CMH Homes, Inc. et al v. Goodner et al
Filing
33
ORDER granting 11 Motion to Dismiss for Lack of Jurisdiction. Case is dismissed without prejudice. Signed by Honorable Susan O. Hickey on September 10, 2012. (src)
IN THE UNITED STATES DISTRICT COURT
WESTERN DISTRICT OF ARKANSAS
HOT SPRINGS DIVISION
CMH HOMES, INC.; and
VANDERBILT MORTGAGE
AND FINANCE, INC.
VS.
PETITIONERS
CASE NO. 6:12-CV-06007
THOMAS R. GOODNER; and
LINDA D. GOODNER
RESPONDENTS
ORDER
Before the Court is Respondents’ Motion to Dismiss. (ECF No. 11). Petitioners have
responded (ECF No. 23), Respondents have replied (ECF No. 27), and Petitioners have surreplied. (ECF No. 30). The matter is ripe for the Court’s consideration. For the following
reasons, the motion will be granted.
BACKGROUND
This case is related to a case, Goodner v. Clayton Homes, No. 4:12-CV-04001, pending
in the Texarkana Division. Both cases arise from a state-court action the Goodners brought
against Clayton Homes and Vanderbilt Finance. The Goodners allege that Clayton and
Vanderbilt, who are subsidiaries of the same parent corporation, conspired in a kickback scheme
in which Clayton homes referred purchasers to Vanderbilt for financing. In return for the referral,
Vanderbilt would allegedly pay Clayton a kickback.

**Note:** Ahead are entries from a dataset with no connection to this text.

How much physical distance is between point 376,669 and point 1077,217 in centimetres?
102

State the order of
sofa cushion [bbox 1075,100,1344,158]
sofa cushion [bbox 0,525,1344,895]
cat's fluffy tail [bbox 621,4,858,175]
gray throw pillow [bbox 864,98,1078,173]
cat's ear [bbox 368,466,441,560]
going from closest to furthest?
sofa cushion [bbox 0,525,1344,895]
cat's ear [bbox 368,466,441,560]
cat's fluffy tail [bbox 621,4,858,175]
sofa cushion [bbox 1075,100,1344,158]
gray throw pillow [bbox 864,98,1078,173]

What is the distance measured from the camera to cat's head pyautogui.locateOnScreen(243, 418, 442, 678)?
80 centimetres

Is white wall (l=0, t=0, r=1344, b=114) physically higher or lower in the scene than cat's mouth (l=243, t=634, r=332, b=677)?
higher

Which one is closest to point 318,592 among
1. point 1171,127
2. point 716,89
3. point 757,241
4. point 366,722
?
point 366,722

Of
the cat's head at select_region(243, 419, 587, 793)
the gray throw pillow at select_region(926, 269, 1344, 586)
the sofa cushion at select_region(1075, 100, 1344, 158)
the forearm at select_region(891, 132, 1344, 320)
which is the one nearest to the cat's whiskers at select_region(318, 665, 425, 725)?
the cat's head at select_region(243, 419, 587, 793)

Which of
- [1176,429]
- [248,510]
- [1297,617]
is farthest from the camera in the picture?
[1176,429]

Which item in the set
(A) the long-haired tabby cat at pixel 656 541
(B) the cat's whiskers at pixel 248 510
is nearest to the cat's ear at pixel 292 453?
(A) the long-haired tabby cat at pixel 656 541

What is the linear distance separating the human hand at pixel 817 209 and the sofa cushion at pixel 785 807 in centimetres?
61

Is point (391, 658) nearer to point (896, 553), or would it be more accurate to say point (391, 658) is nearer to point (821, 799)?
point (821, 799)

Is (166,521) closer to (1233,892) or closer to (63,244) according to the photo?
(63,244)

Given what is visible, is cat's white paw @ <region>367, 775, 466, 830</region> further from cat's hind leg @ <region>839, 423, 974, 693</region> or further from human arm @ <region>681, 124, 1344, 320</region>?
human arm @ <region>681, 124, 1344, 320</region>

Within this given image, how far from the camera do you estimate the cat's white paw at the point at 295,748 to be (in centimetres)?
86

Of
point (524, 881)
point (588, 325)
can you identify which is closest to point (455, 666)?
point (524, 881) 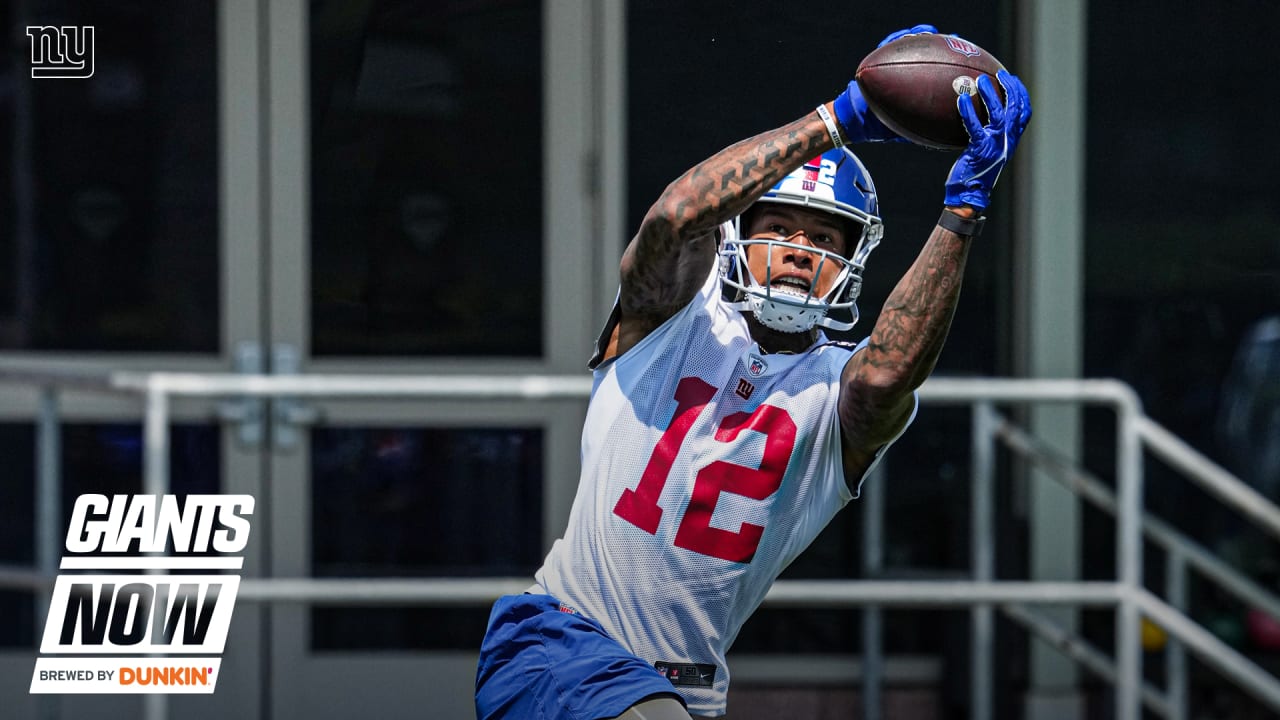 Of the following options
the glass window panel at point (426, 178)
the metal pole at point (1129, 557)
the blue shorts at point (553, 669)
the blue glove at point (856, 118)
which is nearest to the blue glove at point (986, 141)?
the blue glove at point (856, 118)

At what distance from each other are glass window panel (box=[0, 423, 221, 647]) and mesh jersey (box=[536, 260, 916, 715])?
96.9 inches

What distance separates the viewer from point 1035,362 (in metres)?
5.25

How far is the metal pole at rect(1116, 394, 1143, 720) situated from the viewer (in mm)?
4328

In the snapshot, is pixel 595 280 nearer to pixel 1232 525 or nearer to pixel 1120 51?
pixel 1120 51

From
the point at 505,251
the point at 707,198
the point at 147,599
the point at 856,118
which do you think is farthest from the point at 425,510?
the point at 856,118

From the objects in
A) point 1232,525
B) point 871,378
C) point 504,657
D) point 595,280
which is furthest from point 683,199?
point 1232,525

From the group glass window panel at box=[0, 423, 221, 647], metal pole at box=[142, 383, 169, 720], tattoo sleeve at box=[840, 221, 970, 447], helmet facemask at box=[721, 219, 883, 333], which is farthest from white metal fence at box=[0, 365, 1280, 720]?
tattoo sleeve at box=[840, 221, 970, 447]

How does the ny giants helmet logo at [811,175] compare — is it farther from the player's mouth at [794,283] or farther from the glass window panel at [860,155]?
the glass window panel at [860,155]

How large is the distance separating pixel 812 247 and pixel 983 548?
5.80 feet

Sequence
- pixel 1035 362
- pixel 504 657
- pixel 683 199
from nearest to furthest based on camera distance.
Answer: pixel 683 199
pixel 504 657
pixel 1035 362

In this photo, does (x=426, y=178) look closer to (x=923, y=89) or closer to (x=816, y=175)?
(x=816, y=175)

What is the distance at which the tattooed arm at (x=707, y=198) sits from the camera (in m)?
2.86

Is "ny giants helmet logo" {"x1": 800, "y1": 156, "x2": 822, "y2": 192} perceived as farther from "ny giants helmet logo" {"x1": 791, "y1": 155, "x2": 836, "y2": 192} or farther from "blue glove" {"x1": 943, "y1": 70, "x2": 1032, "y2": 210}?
"blue glove" {"x1": 943, "y1": 70, "x2": 1032, "y2": 210}

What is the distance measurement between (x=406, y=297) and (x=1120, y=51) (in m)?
2.46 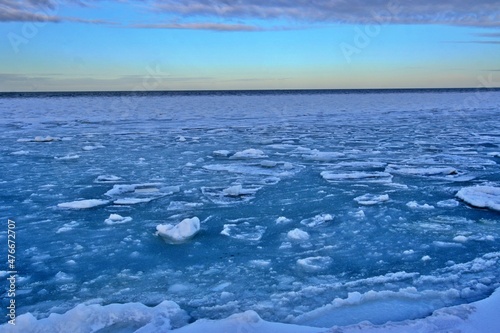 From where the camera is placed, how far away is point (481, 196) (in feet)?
19.5

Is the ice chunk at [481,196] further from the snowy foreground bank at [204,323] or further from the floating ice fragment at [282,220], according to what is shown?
the snowy foreground bank at [204,323]

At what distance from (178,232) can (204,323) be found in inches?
67.2

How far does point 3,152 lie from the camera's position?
10273 millimetres

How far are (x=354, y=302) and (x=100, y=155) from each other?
26.0 feet

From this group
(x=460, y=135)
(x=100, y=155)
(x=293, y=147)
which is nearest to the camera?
(x=100, y=155)

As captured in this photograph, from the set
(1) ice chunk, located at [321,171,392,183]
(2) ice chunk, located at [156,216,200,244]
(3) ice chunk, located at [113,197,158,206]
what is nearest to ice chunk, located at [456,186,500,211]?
(1) ice chunk, located at [321,171,392,183]

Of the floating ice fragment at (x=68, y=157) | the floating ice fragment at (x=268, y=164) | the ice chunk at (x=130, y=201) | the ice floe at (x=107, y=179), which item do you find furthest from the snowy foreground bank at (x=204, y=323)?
the floating ice fragment at (x=68, y=157)

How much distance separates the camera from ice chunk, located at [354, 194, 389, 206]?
5852 mm

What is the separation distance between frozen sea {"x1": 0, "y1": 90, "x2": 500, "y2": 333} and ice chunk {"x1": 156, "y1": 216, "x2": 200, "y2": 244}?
12mm

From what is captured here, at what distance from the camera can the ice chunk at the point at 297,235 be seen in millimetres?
4613

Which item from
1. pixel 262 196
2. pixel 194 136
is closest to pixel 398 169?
pixel 262 196

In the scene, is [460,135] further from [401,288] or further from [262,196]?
[401,288]

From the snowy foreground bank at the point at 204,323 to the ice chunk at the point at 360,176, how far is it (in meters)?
4.16

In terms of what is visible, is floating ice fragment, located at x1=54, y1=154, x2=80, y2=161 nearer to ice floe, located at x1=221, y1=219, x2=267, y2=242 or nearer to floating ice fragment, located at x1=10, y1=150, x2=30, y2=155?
floating ice fragment, located at x1=10, y1=150, x2=30, y2=155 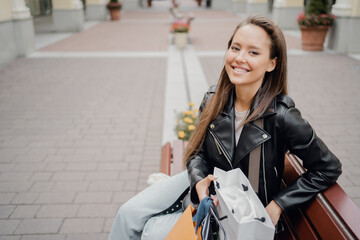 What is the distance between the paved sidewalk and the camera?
306 cm

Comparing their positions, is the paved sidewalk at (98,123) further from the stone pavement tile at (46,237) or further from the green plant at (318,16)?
the green plant at (318,16)

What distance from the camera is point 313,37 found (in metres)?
9.80

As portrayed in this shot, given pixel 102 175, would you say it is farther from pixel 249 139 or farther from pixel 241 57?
pixel 241 57

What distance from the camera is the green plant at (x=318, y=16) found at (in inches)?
372

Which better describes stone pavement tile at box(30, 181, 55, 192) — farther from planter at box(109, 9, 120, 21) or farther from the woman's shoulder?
planter at box(109, 9, 120, 21)

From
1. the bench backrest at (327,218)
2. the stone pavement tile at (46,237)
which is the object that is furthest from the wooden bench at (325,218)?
the stone pavement tile at (46,237)

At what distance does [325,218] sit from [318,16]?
944 cm

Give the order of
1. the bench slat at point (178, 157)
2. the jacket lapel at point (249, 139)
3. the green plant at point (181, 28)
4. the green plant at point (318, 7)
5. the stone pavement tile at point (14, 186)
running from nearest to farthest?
the jacket lapel at point (249, 139), the bench slat at point (178, 157), the stone pavement tile at point (14, 186), the green plant at point (318, 7), the green plant at point (181, 28)

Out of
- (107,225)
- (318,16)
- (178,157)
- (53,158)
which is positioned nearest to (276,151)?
(178,157)

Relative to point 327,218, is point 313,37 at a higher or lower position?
lower

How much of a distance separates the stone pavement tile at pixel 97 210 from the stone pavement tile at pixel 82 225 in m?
0.06

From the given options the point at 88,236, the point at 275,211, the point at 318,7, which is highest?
the point at 318,7

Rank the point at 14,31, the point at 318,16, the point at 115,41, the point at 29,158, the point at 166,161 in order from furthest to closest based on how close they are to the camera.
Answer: the point at 115,41 < the point at 318,16 < the point at 14,31 < the point at 29,158 < the point at 166,161

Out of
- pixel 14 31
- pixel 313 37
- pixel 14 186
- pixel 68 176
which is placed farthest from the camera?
pixel 313 37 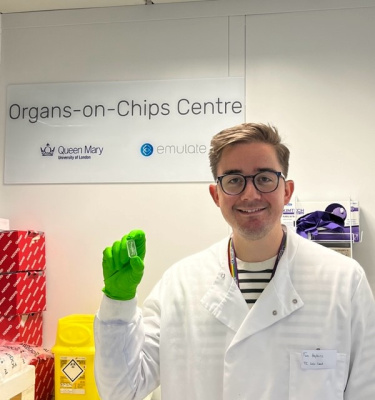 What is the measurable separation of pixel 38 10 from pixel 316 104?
1.87 meters

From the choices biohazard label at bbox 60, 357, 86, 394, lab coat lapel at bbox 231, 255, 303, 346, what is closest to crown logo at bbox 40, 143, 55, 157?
biohazard label at bbox 60, 357, 86, 394

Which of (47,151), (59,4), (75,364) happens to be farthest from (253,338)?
(59,4)

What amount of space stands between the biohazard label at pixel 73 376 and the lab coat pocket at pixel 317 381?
1538mm

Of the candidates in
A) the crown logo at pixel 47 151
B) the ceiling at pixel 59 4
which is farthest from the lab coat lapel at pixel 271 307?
the ceiling at pixel 59 4

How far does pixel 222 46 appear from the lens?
10.4 ft

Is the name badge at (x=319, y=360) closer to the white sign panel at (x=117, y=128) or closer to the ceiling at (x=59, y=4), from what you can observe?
the white sign panel at (x=117, y=128)

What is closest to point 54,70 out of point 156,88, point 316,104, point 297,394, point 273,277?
point 156,88

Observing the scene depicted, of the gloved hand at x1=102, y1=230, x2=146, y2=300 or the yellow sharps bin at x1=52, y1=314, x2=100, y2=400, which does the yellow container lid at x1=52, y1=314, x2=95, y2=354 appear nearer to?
the yellow sharps bin at x1=52, y1=314, x2=100, y2=400

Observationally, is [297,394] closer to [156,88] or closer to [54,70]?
[156,88]

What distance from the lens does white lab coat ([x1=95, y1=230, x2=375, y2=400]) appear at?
1.55m

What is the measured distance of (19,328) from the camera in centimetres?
295

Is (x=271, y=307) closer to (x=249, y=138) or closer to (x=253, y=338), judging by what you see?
(x=253, y=338)

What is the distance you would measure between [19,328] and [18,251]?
442 millimetres

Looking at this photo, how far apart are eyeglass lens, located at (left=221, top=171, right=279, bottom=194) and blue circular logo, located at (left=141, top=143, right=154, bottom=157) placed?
1.60 m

The Goodners filed the state-court suit in Lafayette County Circuit Court on November
10, 2011. Clayton and Vanderbilt filed this case in this Court on January 5, 2012, alleging that
the state-court suit is subject to mandatory arbitration. The next day, January 6, 2012, Clayton
and Vanderbilt removed the underlying state-court suit to this Court. Thus, there are now two
cases before the Court involving the same parties: this arbitration case, and the underlying
removal case, Goodner v. Clayton Homes, No. 4:12-CV-04001. The Goodners moved the Court
to remand the removed state-court case, and the Court has granted that motion. (Goodner v.
Clayton Homes, ECF No. 37). The Goodners have also moved the Court to dismiss this case
because subject-matter jurisdiction is lacking. That motion to dismiss is now before the Court.
STANDARD OF REVIEW
The Goodners move for dismissal under Federal Rule of Civil Procedure 12(b)(1). A
challenge to jurisdiction under Rule 12(b)(1) may proceed one of two ways: as a facial challenge,
or as a factual challenge. Osborn v. United States, 918 F.2d 724, 729 n.6 (8th Cir. 1990). The
difference boils down to what material the Court considers in deciding the motion.
If the movant merely argues that the other party has not alleged sufficient jurisdictional
facts, then the Court looks only at the pleadings and essentially uses the Rule 12(b)(6) standard
to determine whether the complaint states a facially plausible jurisdiction claim. Id.; Ashcroft v.
Iqbal, 556 U.S. 662, 677–78 (2009) (stating the post-Twombly standard for rule 12(b)(6)). That
type of challenge is a facial challenge.
If, on the other hand, the movant challenges the factual accuracy of the other party’s
jurisdiction claims and asks the Court to consider matters outside the pleadings to determine their
accuracy, then the Court determines the factual accuracy of the jurisdiction claims without giving
the other party any beneficial 12(b)(6) assumption. Osborn, 918 F.2d at 729 n.6; Titus v.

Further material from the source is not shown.